A project by the UK's Ministry of Defence (MoD) to achieve the world's first test flight using 100% synthetic jet fuel, supplied by South African coal-to-liquids and petrochemicals major Sasol, had to be abandoned late last year.
This emerged at a recent conference on alternative energy held by the Royal United Services Institute in London, reports British aerospace journal Flight International.
The MoD hoped to be able to fly a Royal Air Force (RAF) Lockheed TriStar aircraft fuelled only by the Sasol jet fuel. On paper, nearly all RAF aircraft can employ Sasol's 100% synthetic jet fuel.

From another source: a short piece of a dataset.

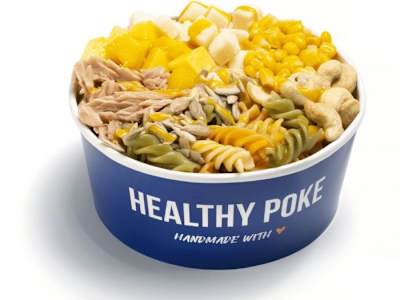 Honey Mustard Tuna Salad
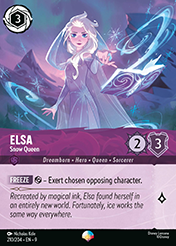 Elsa Fabled Card List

This follows from the amendment in April last year of military jet fuel specification Defstan 91-91 by the UK's standards authority and the MoD. Only a few small training aircraft are excluded.
However, to date, no aircraft has actually flown using the 100% synthetic fuel. Hence, the plan for a test flight.
However, before such a flight could take place, it was necessary to obtain the approval of all the relevant authorities, oil companies, and the airframe, engine, and ancillary equipment manufacturers.
There appears to have been a slip-up in this process, as a key company, Marshall Aerospace, declined to approve the test.
"At very short notice, we were asked to clear the use of Sasol for RAF TriStar use [sic]," the company told Flight. "The short timeframe required unfortunately made it impractical to pull together all the required approvals."
Although designed and built by Lockheed (now Lockheed Martin), all TriStars were designed and built as civil airliners.
The RAF bought nine TriStars second-hand, from airlines, and had them converted into air-to-air refuelling tankers (while retaining their transport capabilities). These conversions were designed and carried out by Marshall Aerospace, which consequently is the design authority for them.
It is believed that Marshall did not have the necessary time to approve the use of the Sasol fuel in the TriStar fuel management system.
Nevetheless, "if the decision is made to take this option forward on a permanent basis, Marshall would be very happy to conduct the activity, recognising the potential environmental benefits Sasol would bring to the fleet".